В этот раз я как-то избавилась преследований бессовестной блаженной Маиьджушри и счастливо прибыла на Эльбурдж. Недалеко от Хормуздова судилища попалась мне навстречу одна знакомая душа, с которою некогда были мы большие приятельницы. Она завела разговор по-монгольски.

– Менду aмop!

– Менду амор!

– Откуда ты, любезнейшая?

– Из поэта. А ты откуда?

– Вестимо, от Хормузды. Была в мудреце; хотела в собаку; взяли в депутаты. Меня – знаешь! – посылают в законодатели по выборам... Что это у тебя сияет так прекрасно?

– Ничего!.. Так!.. Слава.

– Ах, какая хорошенькая вещица!.. Откуда ты ее достала?

– Люди дали, вместо сострадания, которого требовал от них поэт – видно потому, что она дешевле и почти ничего им не стоит.

– Однако ж, хоть дешева, да очень мила!.. Какой блеск!.. Подари мне ее. Не то поменяйся со мною.

– Что же ты мне дашь?

– Дам тебе свой ум: видишь, какой славный, крепкий, прочный, основательный! Я – знаешь! – была в необыкновенном мудреце и ужасно много нажила себе у него ума, который называл он своим невещественным капиталом. А сколько промотали мы с ним этого капиталу по предисловиям, по передним, по пустякам!.. Возьми, душенька, его: он некрасив; без блеска, но он тебе пригодится.

– Но он нужен будет тебе самой. Ведь ты идешь в законодатели по выборам?

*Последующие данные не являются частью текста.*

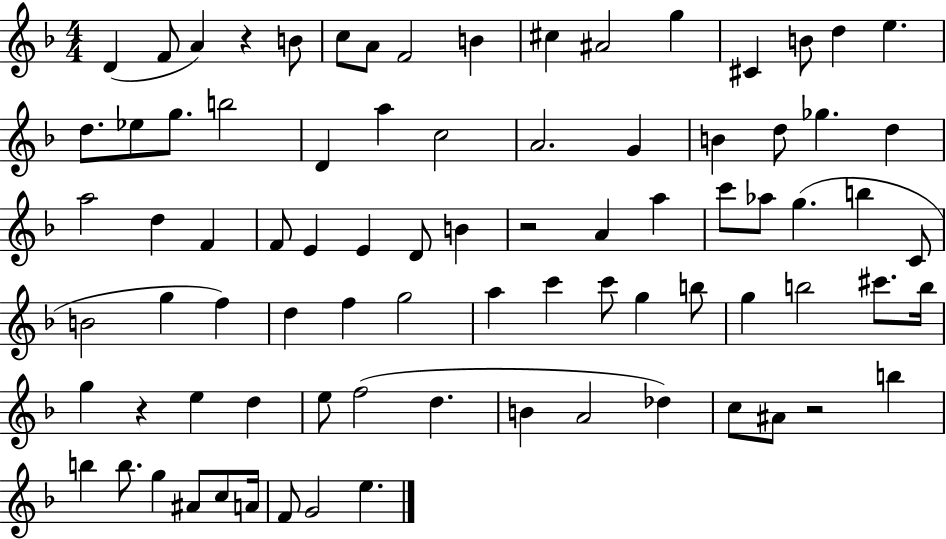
D4/q F4/e A4/q R/q B4/e C5/e A4/e F4/h B4/q C#5/q A#4/h G5/q C#4/q B4/e D5/q E5/q. D5/e. Eb5/e G5/e. B5/h D4/q A5/q C5/h A4/h. G4/q B4/q D5/e Gb5/q. D5/q A5/h D5/q F4/q F4/e E4/q E4/q D4/e B4/q R/h A4/q A5/q C6/e Ab5/e G5/q. B5/q C4/e B4/h G5/q F5/q D5/q F5/q G5/h A5/q C6/q C6/e G5/q B5/e G5/q B5/h C#6/e. B5/s G5/q R/q E5/q D5/q E5/e F5/h D5/q. B4/q A4/h Db5/q C5/e A#4/e R/h B5/q B5/q B5/e. G5/q A#4/e C5/e A4/s F4/e G4/h E5/q.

– Говорят, вовсе не нужен: там думают наперекор друг другу и рассуждают шариками. Жребий решает, что умно и что глупо. Поменяйся, сестрица!

Я призадумалась. Мне жалко было отдать ей такую блистательную игрушку за какое-то тусклое, бесцветное, летучее вещество; но, рассудив, что блаженная Маньджушри легко узнает меня по блеску и готова опять запрятать в какую-нибудь тяжелую или расстроенную голову, а с умом, при случае, могу даже сказаться не принадлежащею к ученому ведомству, я согласилась на предложение моей знакомки. Она взяла поэтическую славу и пошла сочинять для людей законы, а я, с умом под мышкой, предстала пред Хормузду.

Он тогда был занят головоломным делом: судил душу одной актрисы, необыкновенной красавицы и кокетки, и никак не мог добиться в ее жизни, где оканчивается комедия и где начинаются собственные ее действия. Душа утверждала, что ее тело всю жизнь играло только комедию, что она ни в чем не согрешила, потому что комедия не грех. Великий Хормузда хотел показать свой ум, разобрал ее поступки и стал в тупик: он сознался, что никогда еще такое многосложное дело не поступало в его разбирательство, и не зная, как решить, решил наугад – переселением души актрисиной в далай-ламу! Утомленный обсуживанием этого казуса, он бросил «Книгу Судеб» и прилег отдыхать на престоле. Тут он приметил меня.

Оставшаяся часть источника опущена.